Moreover, the Kremlin’s declaration that the arms shipments are legitimate targets is not even the most worrisome indicator. In his first speech announcing the “special military operation” in Ukraine, Vladimir Putin warned all outside parties (clearly meaning NATO members) not to interfere. “Anyone who tries to interfere with us …must know that Russia’s response will be immediate and will lead you to such consequences as you have never before experienced in your history.” [Emphasis added]
Putin could easily interpret the US-orchestrated cascade of NATO weaponry to support Ukraine’s military resistance as unacceptable interference. The same is true of another Biden administration measure—sharing intelligence data with Kyiv, possibly even providing Ukrainian forces with real-time targeting information.
By engaging in such conduct, US leaders risk a direct military confrontation with Russia. That means that they are flirting with triggering World War III and the prospect of a devastating nuclear exchange. Ukraine’s security, territorial integrity, and even independence are not even remotely worth enough to the United States to incur such a risk to the American people.
The best way for the United States to stay out of a catastrophic war is to remain far back from any red lines that could trigger a confrontation. It is the height of folly to see how close we can get to such lines without inadvertently crossing one. Yet with its arms shipments to Kyiv and the sharing of military intelligence with Ukrainian forces, the Biden administration has adopted precisely that approach.
Extreme caution is perhaps even more essential in dealing with Russia than with any other major power, both because that country possesses several thousand nuclear weapons and bilateral relations have become so toxic. In the years leading up to Moscow’s decision to invade Ukraine, the United States and NATO blew through warning light after warning light that the Kremlin flashed with respect to the Alliance’s overall expansion to Russia’s borders, and especially NATO’s growing military collaboration with Kyiv. The Kremlin warned specifically that adding Ukraine to the Alliance would cross a red line that would require a harsh Russian response.
Just two months before the start of the war, Putin demanded that NATO provide security guarantees on an array of issues, including that Ukraine would never be invited to join NATO and that NATO forces would never be deployed on Ukrainian soil. The United States and its allies failed to respond positively to Moscow’s demands. Such arrogance and myopia with respect to Russia’s core security interests played a significant role in producing the current crisis.
Given that unfortunate track record, we must take Putin’s new warnings about the Ukraine war with far greater caution. Instead, the administration seems to be adopting a strategy toward Ukraine based on the model Washington used against Soviet forces in Afghanistan from 1979 to 1989. By providing funds and weapons to the Afghan mujahidin, the United States bled Soviet forces and created a massive headache for its superpower rival. That move was similar to (and payback for) the strategy that Moscow had used against the ill-fated US intervention in Vietnam.
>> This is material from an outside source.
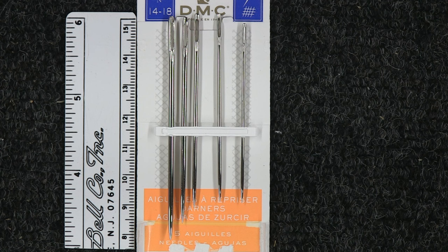Darning needles you can typically get online. They typically cost about five to six dollars for a five-pack, like the one illustrated in this video. You can get sailmaker's needles from a bunch of different sources — climbing stores, rigging and marine stores, things like that.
In both cases, the targeted superpower refrained from striking back with military force against its tormentor. We dare not assume, however, that Russia will play by the same proxy war rules with respect to Ukraine. In his speech announcing the invasion, Putin described the operation as a “question of life or death” that Russia was facing as a result of NATO’s expansion.
That comment strongly suggests that the Kremlin is prepared to do whatever is necessary to achieve victory. By bolstering Russia’s enemy and both impeding and bleeding Russian forces in an arena that Putin considers vital to his country’s security, Washington is pursuing a provocative, very risky strategy. The Biden administration is flirting with Armageddon.